MATERIAL SUPPLIED:
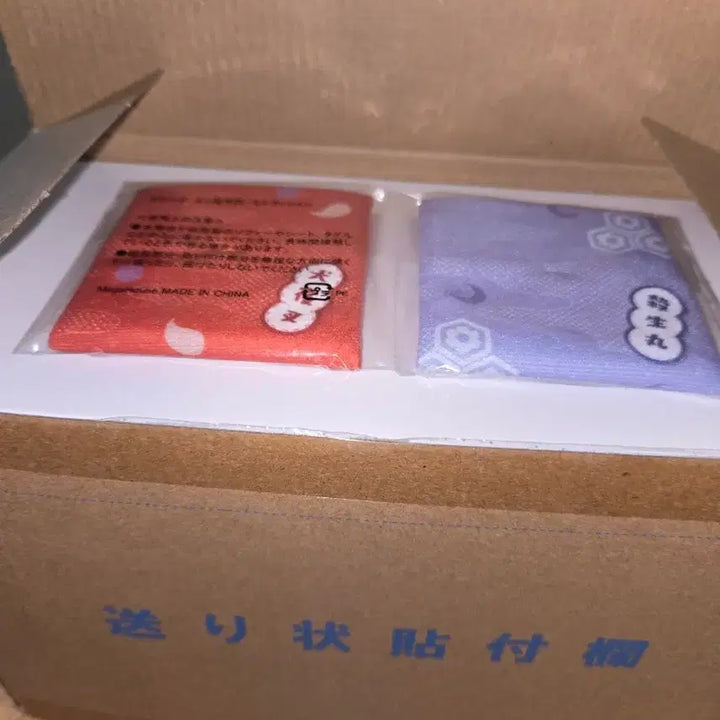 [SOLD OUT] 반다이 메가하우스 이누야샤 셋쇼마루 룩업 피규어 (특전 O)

==

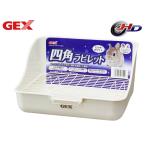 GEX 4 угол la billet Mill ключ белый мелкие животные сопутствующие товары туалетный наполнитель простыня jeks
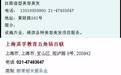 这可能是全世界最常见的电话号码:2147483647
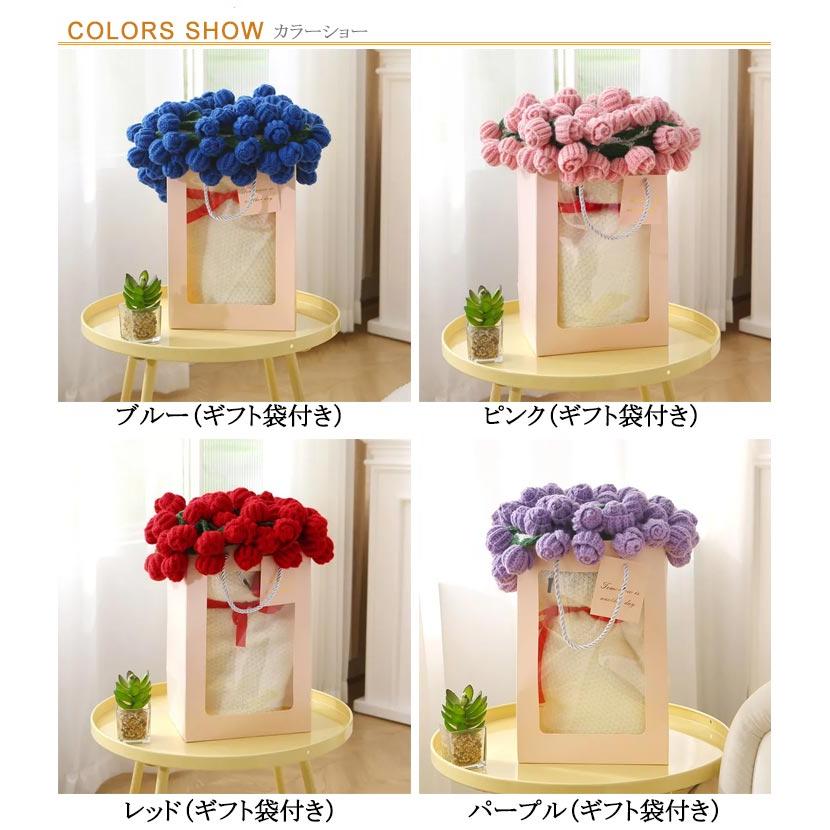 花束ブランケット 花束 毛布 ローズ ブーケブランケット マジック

WORK TO BE COMPLETED: Only the lines above from the one containing "这可能是全世界最常见的电话号码:2147483647" through the one containing "花束ブランケット 花束 毛布 ローズ ブーケブランケット マジック" should be returned, verbatim and inclusive, with pictures excluded.

ANSWER TO THE PROBLEM:
 这可能是全世界最常见的电话号码:2147483647
 花束ブランケット 花束 毛布 ローズ ブーケブランケット マジック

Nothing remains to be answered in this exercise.